━━━━━ DATA RECORDS
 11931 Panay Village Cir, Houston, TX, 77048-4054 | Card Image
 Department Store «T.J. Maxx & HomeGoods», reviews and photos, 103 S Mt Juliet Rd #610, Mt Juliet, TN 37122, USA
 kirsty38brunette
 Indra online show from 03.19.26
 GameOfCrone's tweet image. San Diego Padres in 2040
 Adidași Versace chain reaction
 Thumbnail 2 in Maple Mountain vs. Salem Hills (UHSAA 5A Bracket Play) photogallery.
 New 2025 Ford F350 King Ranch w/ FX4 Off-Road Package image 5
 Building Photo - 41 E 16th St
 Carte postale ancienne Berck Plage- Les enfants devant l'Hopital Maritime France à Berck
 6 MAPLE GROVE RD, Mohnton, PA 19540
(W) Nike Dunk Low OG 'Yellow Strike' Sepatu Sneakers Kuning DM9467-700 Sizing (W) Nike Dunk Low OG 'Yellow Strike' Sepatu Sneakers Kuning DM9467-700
━━━━━━━━━━
━━━━━ DATA RECORDS
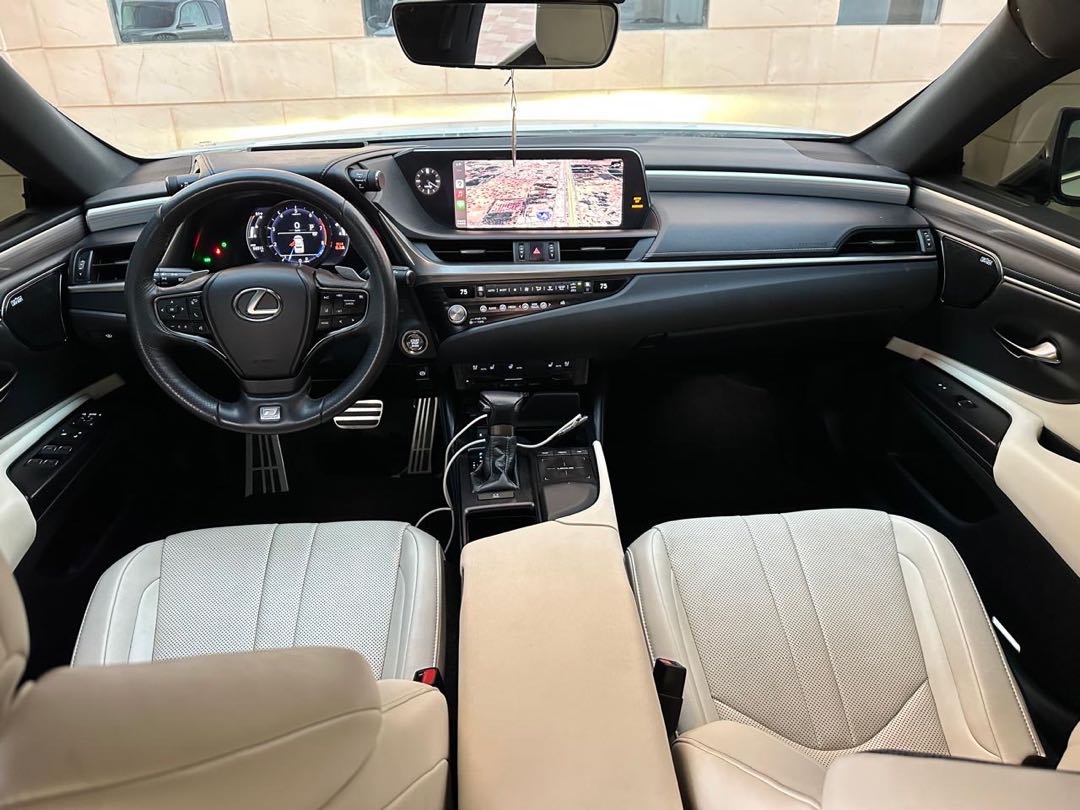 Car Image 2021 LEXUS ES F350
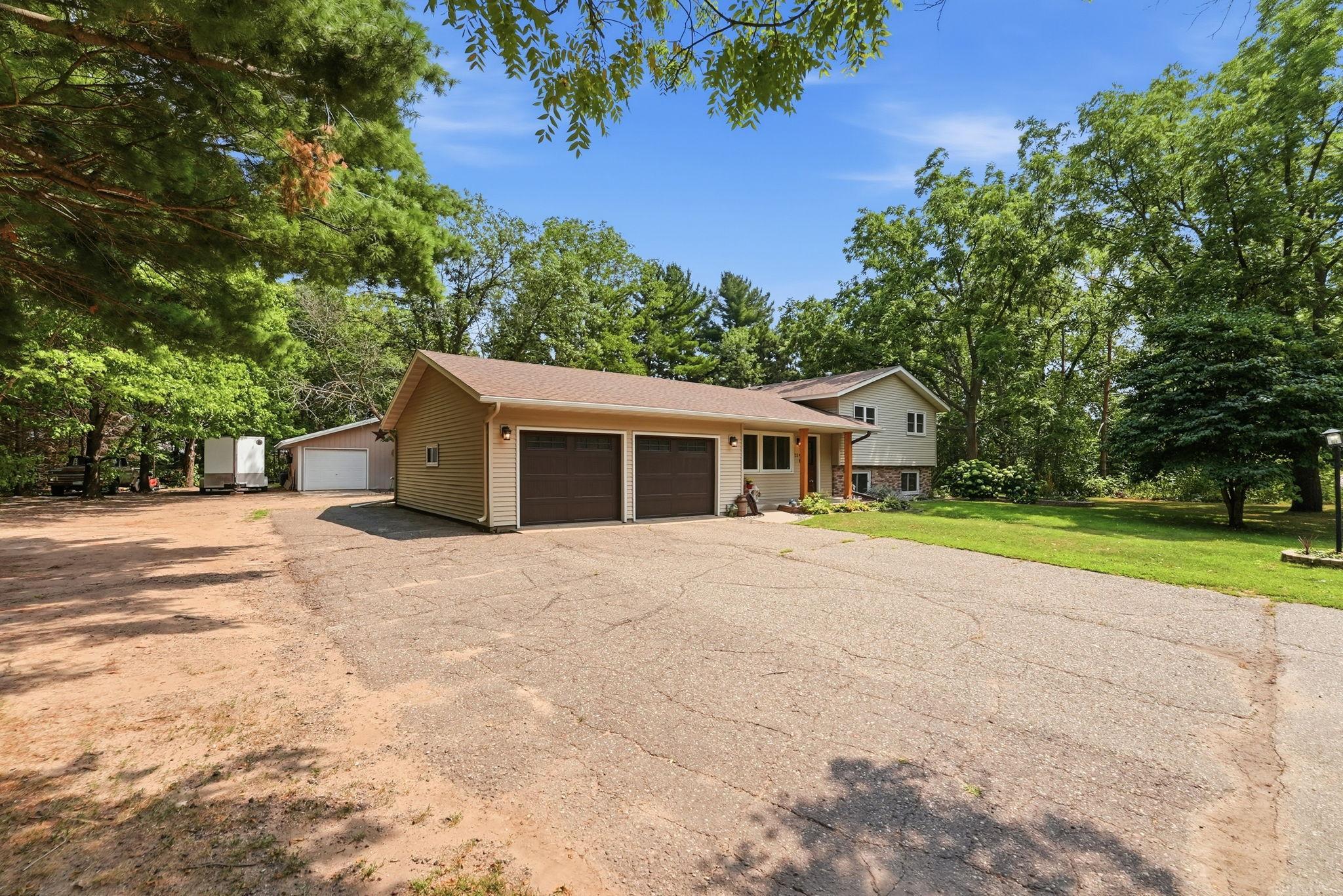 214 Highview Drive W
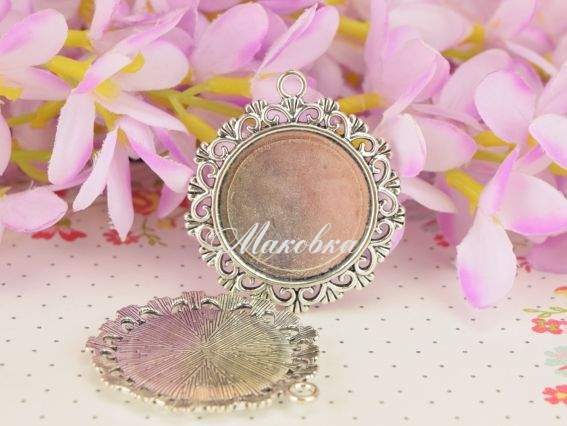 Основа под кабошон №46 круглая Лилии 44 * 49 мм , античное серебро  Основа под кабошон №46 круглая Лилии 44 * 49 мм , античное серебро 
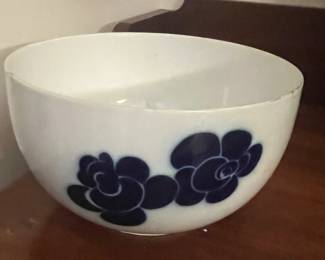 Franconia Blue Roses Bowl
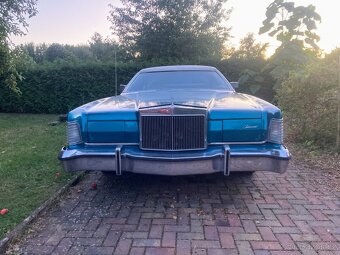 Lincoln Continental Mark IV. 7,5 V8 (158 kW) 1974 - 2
━━━━━━━━━━
Give back exactly the lines of the listing above that run from the line with "New 2025 Ford" to the line with "Kuning DM9467-700 Sizing", inclusive.

 New 2025 Ford F350 King Ranch w/ FX4 Off-Road Package image 5
 Building Photo - 41 E 16th St
 Carte postale ancienne Berck Plage- Les enfants devant l'Hopital Maritime France à Berck
 6 MAPLE GROVE RD, Mohnton, PA 19540
(W) Nike Dunk Low OG 'Yellow Strike' Sepatu Sneakers Kuning DM9467-700 Sizing (W) Nike Dunk Low OG 'Yellow Strike' Sepatu Sneakers Kuning DM9467-700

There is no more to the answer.